Information shown:
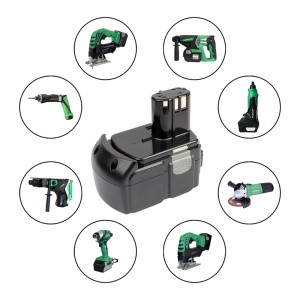 Online akkumulátoros akkumulátorok boltja 18V 3000mAh Li-ion akkumulátor Hitach BCL1830, EBM1830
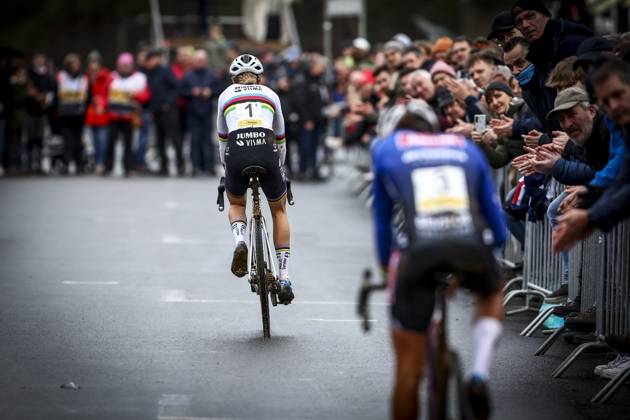 Dutch Fem Van Empel pictured after the women elite race at the cyclocross cycling event in Heusden-Zolder, the stage 6 8 in the Superprestige competition, Wednesday 27 December 2023. DAVIDxPINTENS x83228968x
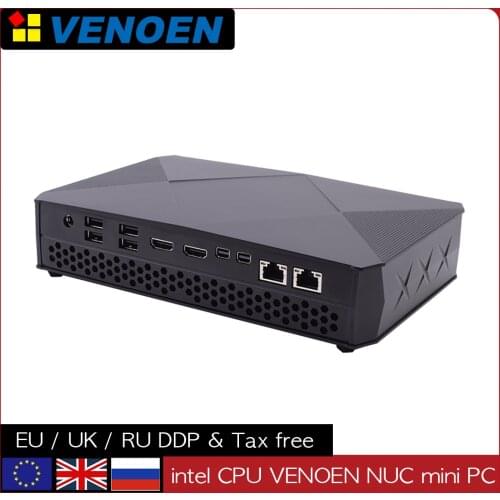 Gamer PC Intel Core i7 8705G i5 8305G Win10pro Linux Radeon RX Vega M GL Mini PC 4x4K display Type-C powerful computer m.2 WIFI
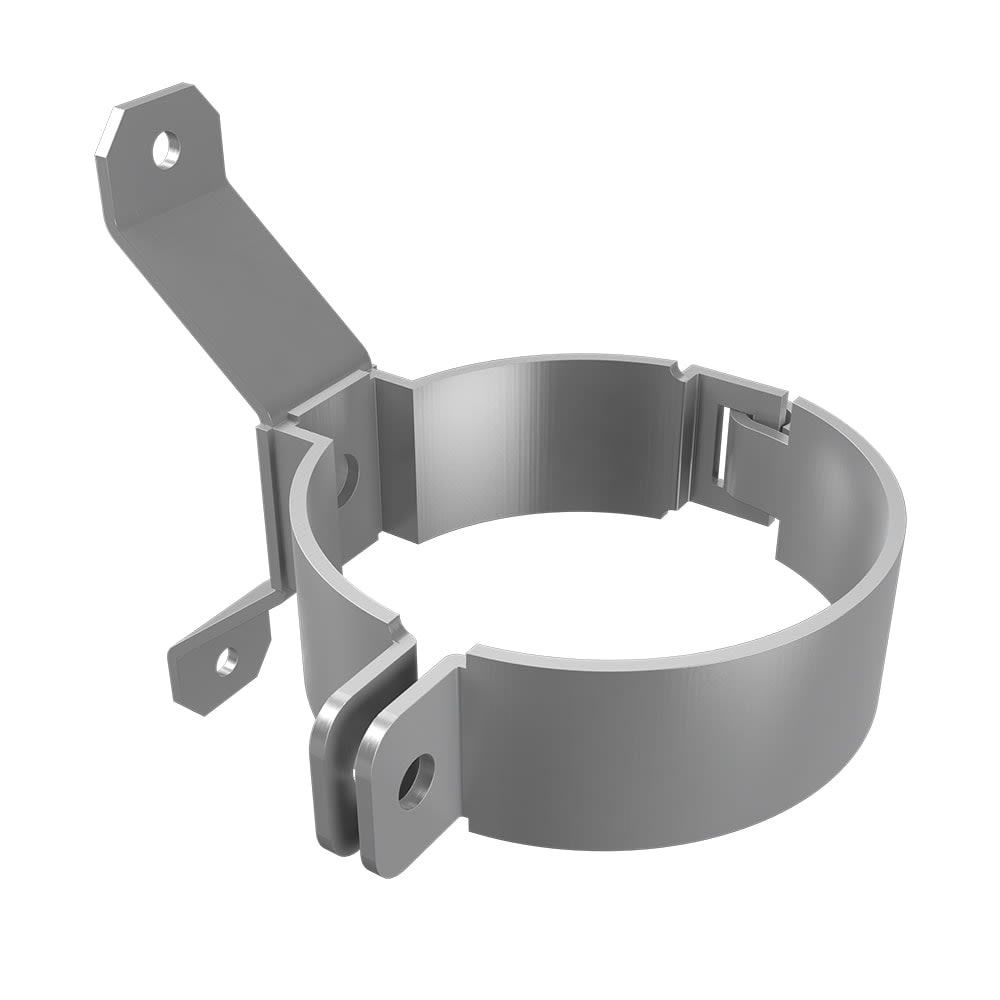 Rørklemme f/tre N-70 ubehandlet 7013 (2 stk) Prefa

Work to be completed: Go to the line containing "Dutch Fem Van", then write out word for word every line from there to the end of the listing. Keep both end lines and drop the pictures.

Output of the task:
 Dutch Fem Van Empel pictured after the women elite race at the cyclocross cycling event in Heusden-Zolder, the stage 6 8 in the Superprestige competition, Wednesday 27 December 2023. DAVIDxPINTENS x83228968x
 Gamer PC Intel Core i7 8705G i5 8305G Win10pro Linux Radeon RX Vega M GL Mini PC 4x4K display Type-C powerful computer m.2 WIFI
 Rørklemme f/tre N-70 ubehandlet 7013 (2 stk) Prefa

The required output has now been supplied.